*What this task involves*:
Please set down the data word for word; images do not go in the copy.

*Given data*:
*****

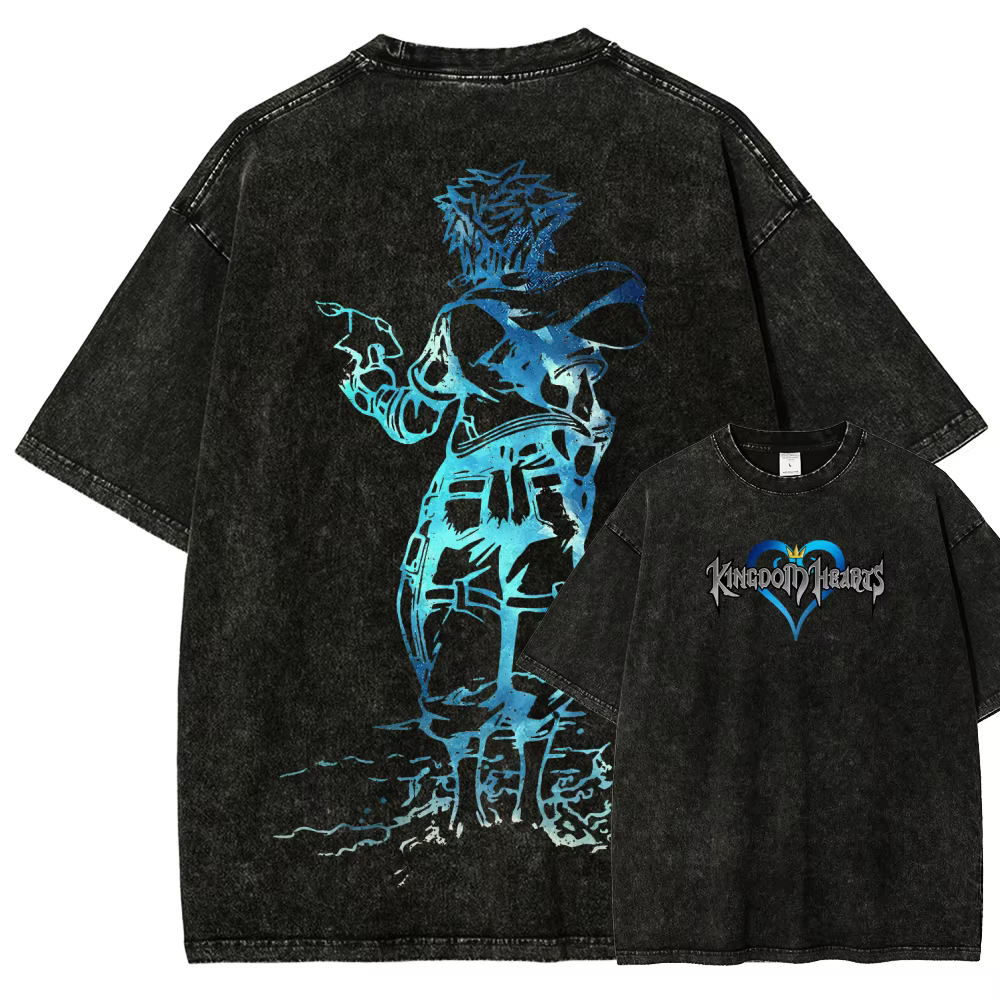 T-shirt délavé Kingdom Hearts, nouveau modèle, vêtements personnalisés, mode rétro, streetwear tenda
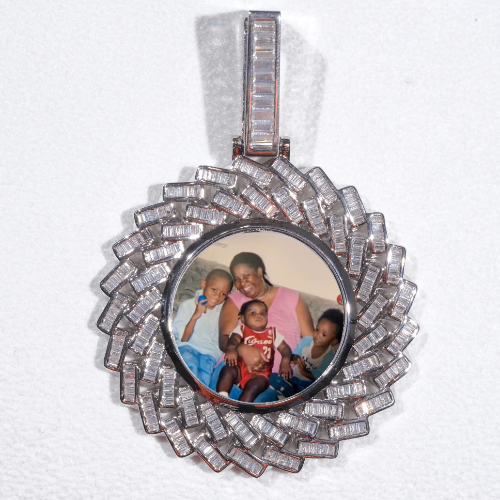 Large 3D Baguette Custom Picture Pendant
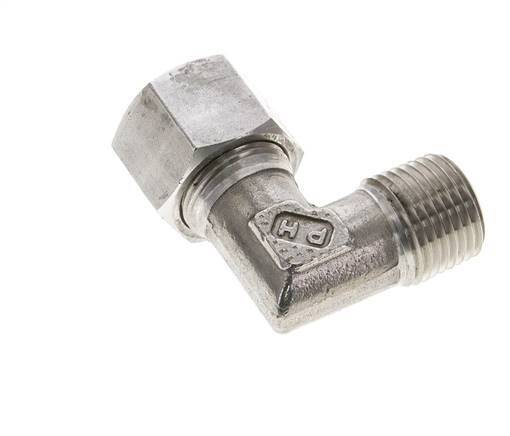 1/2'' NPT Male x 14S Stainless steel 90 deg Elbow Cutting ring 630 Bar DIN 2353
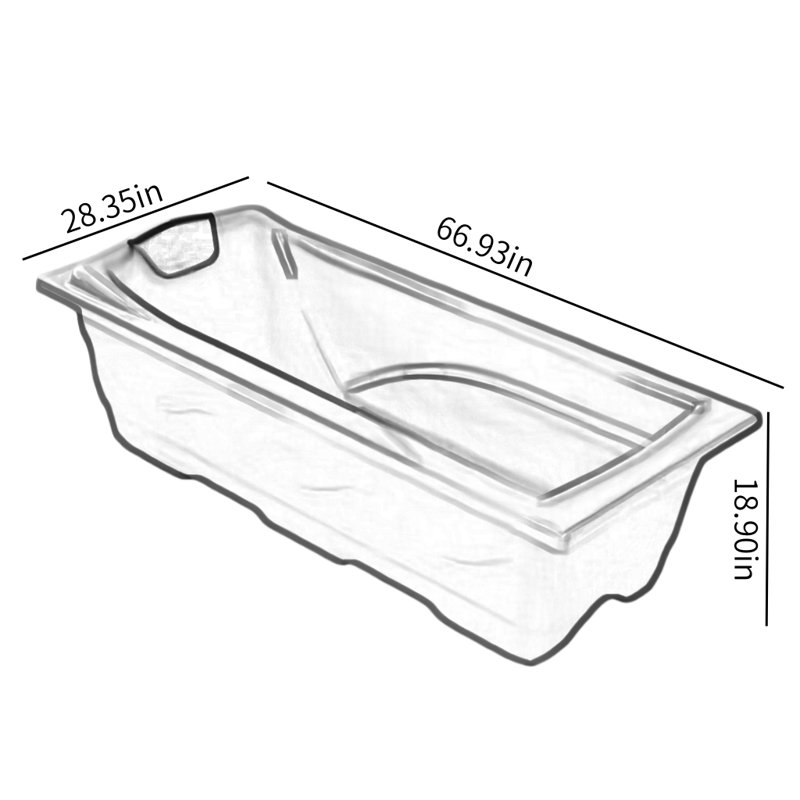Simple Modern Acrylic Bathtub 66.93'' W 18.90'' H Tub & Shower Kit, Blue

*****

*Solution to this problem*:
 T-shirt délavé Kingdom Hearts, nouveau modèle, vêtements personnalisés, mode rétro, streetwear tenda
 Large 3D Baguette Custom Picture Pendant
 1/2'' NPT Male x 14S Stainless steel 90 deg Elbow Cutting ring 630 Bar DIN 2353
Simple Modern Acrylic Bathtub 66.93'' W 18.90'' H Tub & Shower Kit, Blue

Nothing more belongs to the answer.